Namun, penerapan asas itu sulit ditemukan dalam pembahasan revisi UU No 17/2014 tentang MPR, DPR, DPD, dan DPRD (MD3). Hingga disetujui untuk disahkan menjadi UU di Rapat Paripurna DPR, Senin (12/2), pembahasan umumnya dilakukan tertutup.
Draf revisi UU MD3 sulit diperoleh. Anggota Panitia Kerja DPR revisi UU MD3 umumnya enggan memberikannya dengan dalih pembahasan belum tuntas. Ketika ditanya poin yang direvisi, hanya dijawab, revisi UU itu untuk menambah pimpinan DPR, DPD, dan MPR.
Kejanggalan itu terjawab saat rapat pengambilan keputusan tingkat I antara Badan Legislasi (Baleg) DPR dan Pemerintah, Kamis (8/2). Saat itu, untuk pertama kali, materi revisi diungkap seluruhnya.
Pasal yang direvisi ternyata tak hanya menambah pimpinan MPR, DPD, dan DPD, tetapi juga ada pemberian wewenang dan hak imunitas bagi DPR. "Jangankan publik, kami saja pimpinan fraksi ada yang tidak tahu. Saya baru tahu di saat terakhir," kata Wakil Ketua Fraksi Partai Nasdem Johnny G Plate.
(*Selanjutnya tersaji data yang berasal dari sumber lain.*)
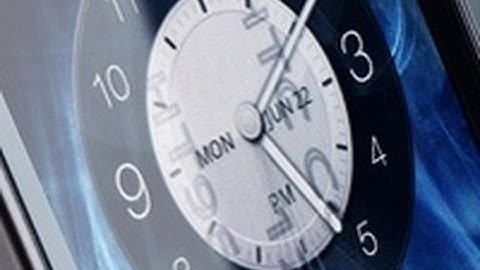 HTC Hero: Browser, Scenes, and the keyboard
Ketua Baleg DPR dari Fraksi Partai Gerindra Supratman Andi Agtas menampik anggapan pembahasan RUU berlangsung tertutup dan tak transparan. Menurut dia, Mahkamah Kehormatan Dewan (MKD) yang mengusulkan agar UU MD3 direvisi, MKD punya wewenang memberi pertimbangan jika ada anggota DPR yang akan diperiksa penegak hukum dan mengambil langkah hukum bagi mereka yang merendahkan martabat DPR.
Namun, Ketua MKD dari Fraksi Gerindra Sufmi Dasco Ahmad mengatakan, usulan itu dari Baleg. Anggota DPR dari Fraksi Nasdem Taufiqulhadi yang sempat ikut pembahasan revisi UU MD3 juga mengatakan, usulan itu dari pimpinan Baleg DPR.
Melihat polemik ini, berani jujur dan bertanggung jawab agaknya masih jadi pekerjaan rumah di DPR. (APA/AGE)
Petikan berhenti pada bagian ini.